Hello,

Wanted to follow up with some additional testing results.  I believe this is a bug at the NVM firmware level but still want someone else to confirm.  We can easily retest or change parameters of testpmd to provide additional information if desired.  In parallel to this we will be trying to reach out to Intel and Dell (Intel branded card with firmware provided by Dell) to report this bug for additional follow up.

Device configuration:
traffic gen (trex) --> sw1 (basic vlan -- vl 200) --> sw2 (qinq push -- vl 300) -- dut (testpmd)

OS: CentOS 7.9
DPDK 21.11 (different than initial report, used to move to a current version and try to rule out other issues, but same issue)
testpmd cmd: sudo /tmp/dpdk-testpmd -c 0xffff -- -i --enable-hw-vlan --enable-hw-vlan-strip --enable-hw-vlan-extend --enable-hw-qinq-strip
NVM version(s): 8.15 (working) and 8.40 (non-working)

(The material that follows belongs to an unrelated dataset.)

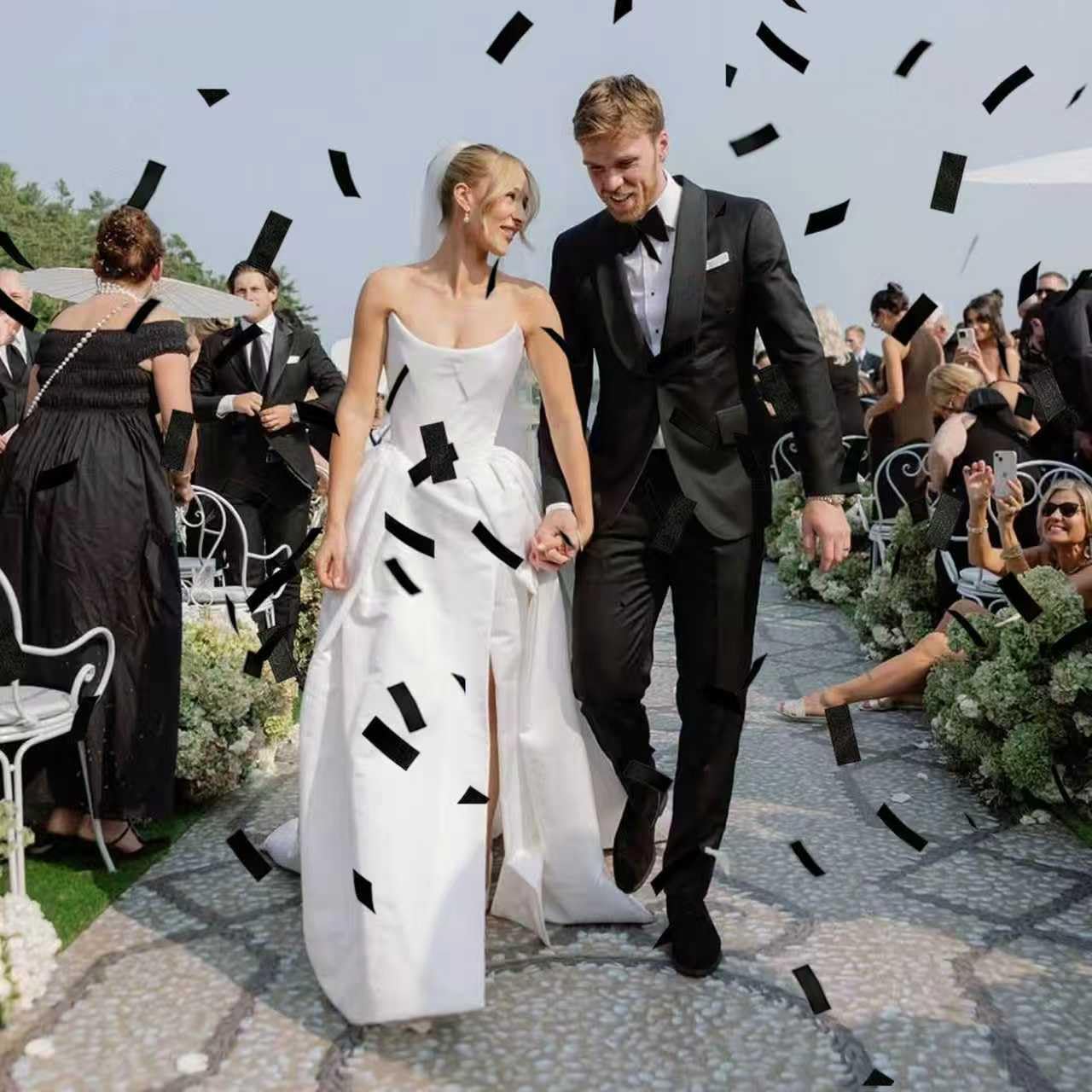 Konfettikanone, 12 Stück, schwarz, biologisch abbaubar, 30,5 cm, schwarze Party-Popper, Konfettikanone für Feiern, Hochzeit, Geburtstag, Abschlussfeier, Babyparty, Weihnachten, Neujahr.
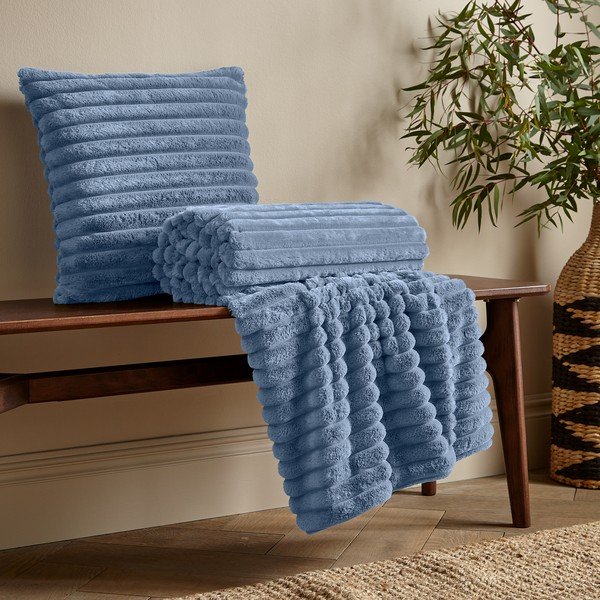 Pătură albastră din micropluș/cocolino 130x170 cm Cosy Ribbed – Catherine Lansfield-image-3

Offload configuration (these were the same under both 8.15 and 8.40 so only providing one copy)
testpmd> show port 0 rx_offload configuration
Rx Offloading Configuration of port 0 :
  Port : VLAN_STRIP QINQ_STRIP VLAN_FILTER VLAN_EXTEND
  Queue[ 0] : VLAN_STRIP QINQ_STRIP VLAN_FILTER VLAN_EXTEND

testpmd> show port 1 rx_offload configuration
Rx Offloading Configuration of port 1 :
  Port : VLAN_STRIP QINQ_STRIP VLAN_FILTER VLAN_EXTEND
  Queue[ 0] : VLAN_STRIP QINQ_STRIP VLAN_FILTER VLAN_EXTEND

testpmd> show port 2 rx_offload configuration
Rx Offloading Configuration of port 2 :
  Port : VLAN_STRIP QINQ_STRIP VLAN_FILTER VLAN_EXTEND
  Queue[ 0] : VLAN_STRIP QINQ_STRIP VLAN_FILTER VLAN_EXTEND

testpmd> show port 3 rx_offload configuration
Rx Offloading Configuration of port 3 :
  Port : VLAN_STRIP QINQ_STRIP VLAN_FILTER VLAN_EXTEND
  Queue[ 0] : VLAN_STRIP QINQ_STRIP VLAN_FILTER VLAN_EXTEND

When running testpmd with the above cmdline parameters and then setting "set fwd rxonly" we observe the following results with the different firmwares.
8.15 (working)
      src=F8:F2:1E:31:96:D0 - dst=F8:F2:1E:31:96:D1 - type=0x0800 - length=74 - nb_segs=1 - QinQ VLAN tci=0xc8, VLAN tci outer=0x12c - hw ptype: L2_ETHER L3_IPV4_EXT_UNKNOWN L4_TCP  - sw ptype: L2_ETHER L3_IPV4 L4_TCP  - l2_len=14 - l3_len=20 - l4_len=40 - Receive queue=0x0
    ol_flags: RTE_MBUF_F_RX_VLAN RTE_MBUF_F_RX_L4_CKSUM_GOOD RTE_MBUF_F_RX_IP_CKSUM_GOOD RTE_MBUF_F_RX_VLAN_STRIPPED RTE_MBUF_F_RX_QINQ_STRIPPED RTE_MBUF_F_RX_QINQ RTE_MBUF_F_RX_OUTER_L4_CKSUM_UNKNOWN

8.40 (non working)
     src=F8:F2:1E:31:96:D0 - dst=F8:F2:1E:31:96:D1 - type=0x8100 - length=78 - nb_segs=1 - VLAN tci=0xc8 - hw ptype: L2_ETHER L3_IPV4_EXT_UNKNOWN L4_TCP  - sw ptype: L2_ETHER_VLAN L3_IPV4 L4_TCP  - l2_len=18 - l3_len=20 - l4_len=40 - Receive queue=0x0
    ol_flags: RTE_MBUF_F_RX_VLAN RTE_MBUF_F_RX_L4_CKSUM_GOOD RTE_MBUF_F_RX_IP_CKSUM_GOOD RTE_MBUF_F_RX_VLAN_STRIPPED RTE_MBUF_F_RX_OUTER_L4_CKSUM_UNKNOWN


Thanks,

Ben

On Fri, Apr 1, 2022 at 11:13 AM Ben Magistro <koncept1@gmail.com> wrote:
Hello,

We recently needed to apply a firmware upgrade for some XXV710s to resolve a FEC issue (I'd have to find the details in email) but applied this same firmware to other nics (XL710s) to maintain a consistent baseline.  In testing we have seen the NVM 8.40 resolve the FEC issue but it introduces an issue with QinQ offloading + stripping.  When running NVM 8.15 (previous version), we could send QinQ traffic, and the nic would properly strip and store the values into vlan_tci and vlan_tci_outer as expected.  When running NVM 8.40 (FEC fix version) sending QinQ traffic is only stripping the inner tag.  The code we are using has not changed.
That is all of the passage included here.